But then in December of 1994, more knowledgeable by this time about Pope’s habits, I went through the hundred-odd instances of lumber from 1660 to 1800 one more time, onscreen. I stopped again at the four lumber -uses in Samuel Garth’s Dispensary , more than in any other single poem. Here was a poet who really liked the word. 6One lumber comes in a description of Chaos’s underground home:

To these dark Realms much learned Lumber creeps.

Up till then I had dismissed this particular “learned ~” as a straightforward borrowing by Garth from Pope — just as Samuel Boyce’s “With loads of lumber treasur’d in his head” (1757), and Paul Whitehead’s “Loads of dull lumber, all inspir’d by Pay” (1733), and Thomas Paget’s “Much hoarded Learning but like Lumber lies” (1735), and George Ogle et al.’s. “Small Store of learned Lumber fills my Head” (1741) were all borrowings — since on the bibliographical screen of the database, Garth’s work (a popular and much discussed mock-heroic satire on uncharitable apothecaries) was dated 1714, three years after the Essay on Criticism . But Chadwyck-Healey is in the business of text-conversion, not literary history: the year they so scrupulously associate with each electrified book is the year of the edition from which they keyed their text, which is not necessarily the year that the text was first published. Presented with a poem published sometime in the seventeenth century, but transcribed from an edition published in 1908, you know, of course, not to trust 1908 as your rough date of original appearance, but in the case of poems that went through multiple editions in close succession, the nearly correct year can sometimes throw you off. Here (through simple ignorance on my part: Samuel Garth was one of the best-known poets of the period) I had been thrown off badly. The Dispensary first came out in 1699, and was “universally and liberally applauded,” according to Samuel Johnson, in his “Life of Garth.” Chadwyck-Healey had worked from the seventh edition, advertised on the title page as having “several Descriptions and Episodes never before printed.” What I had to find out, then, and what the database couldn’t tell me, was whether Garth’s “learned lumber” had appeared in one of the editions prior to the 1711 publication of Pope’s Essay on Criticism , or in one of the editions subsequent to it.

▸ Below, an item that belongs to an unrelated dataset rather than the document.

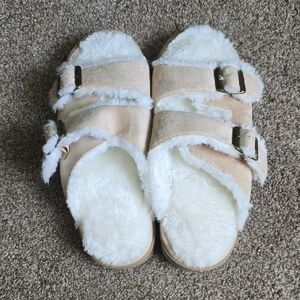 Cozy Tan and White Fuzzy Slippers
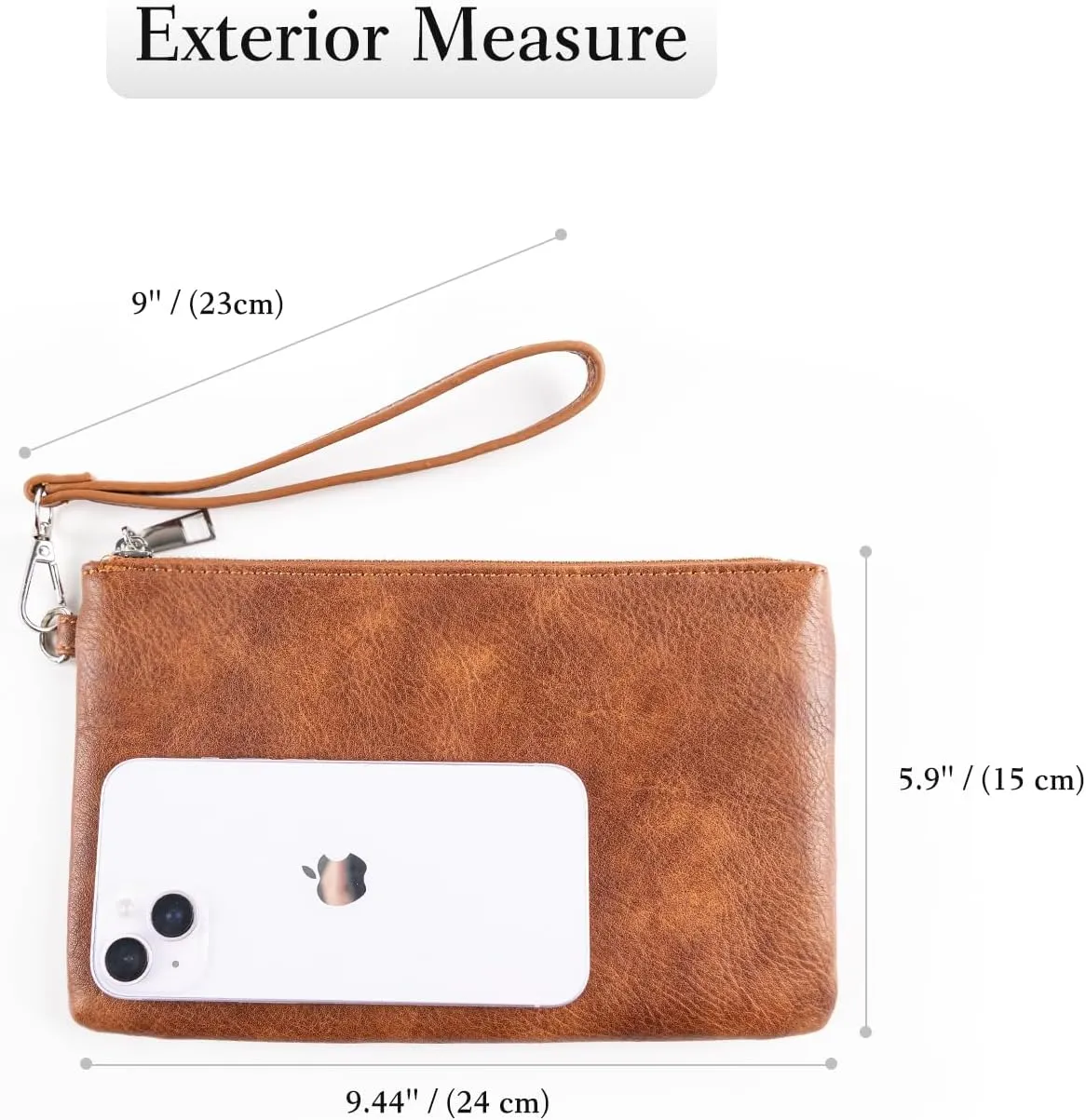 letech  Wristlet Wallet for Women Dual Pouch Wristlet Portable wallet Coin Purse Wristlet Clutch Wallet Purse Credit Card Holder Gifts for Women Ladies Female brown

There would, however, be no difficulty in establishing that Pope could have read Garth’s “learned lumber” if Garth’s use of the phrase did precede Pope’s. It was not possible, in other words, that the two poets discovered it independently, for Pope and Garth were friends and collaborators. Garth read Pope’s early Pastorals (1709) in manuscript, and “Summer,” the second pastoral, was dedicated “To Dr. Garth” in editions after 1717. Later still, Pope (anxious to show the world that he didn’t feud with everyone) added this note:

Dr.

Samuel Garth

, Author of the

Dispensary

, was one of the first friends of the author, whose acquaintance with him began at fourteen or fifteen. Their friendship continu’d from the year 1703, to 1718, which was that of his death.

Both poets’ biographers (John F. Sena and Maynard Mack) are cautious about accepting the 1703 date as marking the inception of the friendship. Fifteen seems a trifle early, and Pope was childishly vain about his literary precocity, confusing and falsifying the epistolary record whenever he could, and even in middle age decking his reissued poems with boy-wonder dates and testimonials in the most pathetic way. (“Written in the Year 1704,” “Written at sixteen years of age,” etc.) John Sena thinks Garth may have met Pope at Will’s Coffee House—1706 or 1707 might be a better date than 1703. Whatever the circumstances, they knew each other several years before Pope published the Essay on Criticism , and remained friends after it was published. (Garth was probably fortunate in dying before Pope had a chance to become infuriated at some imagined slight and draw-and-quarto him in verse, as he was wont to do with old friends and allies.)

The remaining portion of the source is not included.